9 – America is back, tant mieux pour le G7 qui ne doit pas oublier le passé récent ni la montée mondiale des périls. Elisabeth II l’a bien vu. Lors de la photo spéciale du vendredi 11 où elle figurait, elle aura bien résumé ce dont il s’agissait, s’adressant à tous les chefs d’état et de gouvernement : « Etes-vous supposés faire comme si vous paraissiez vous amuser ? » Are you supposed to be looking as if you’re enjoying yourself ? Ce double jeu de miroir traduit l’importance des risques et la nécessaire distance pour les traiter, sauf à faire tout échouer. Trump n’est plus là, pour l’heure au moins, mais dans toutes les têtes, puisqu’il s’agit en large part de réparer son héritage, en plein milieu d’une pandémie. Ceci doit conduire à plus d’échanges et de multilatéralisme : un concept honni par Trump, mais pas forcément adoré par Xi s’il avance ainsi.

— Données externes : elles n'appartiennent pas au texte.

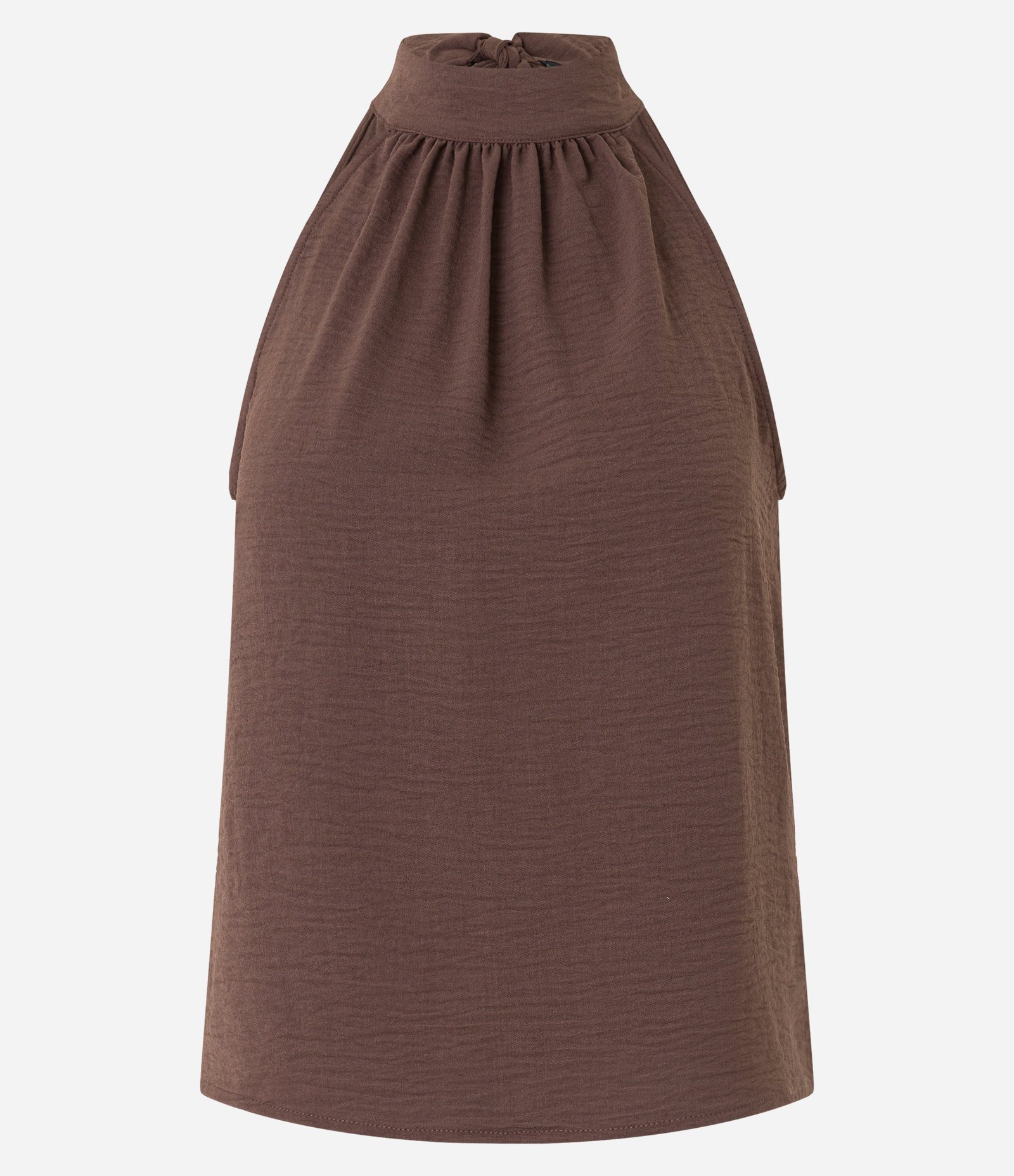 Blusa Frente Única em Crepe com Amarração na Gola Alta Marrom 5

Le G7 qui se ferme n’ouvre pas des Routes des USA contre des Routes de la Soie chinoises : les USA doivent partager une part de leurs Routes, pour la croissance et la liberté. Ce serait… bien de les rejoindre avec une Europe qui renforcerait sa propre unité et « s’occuperait » de la Russie et aiderait l’Afrique. Naïfs s’abstenir.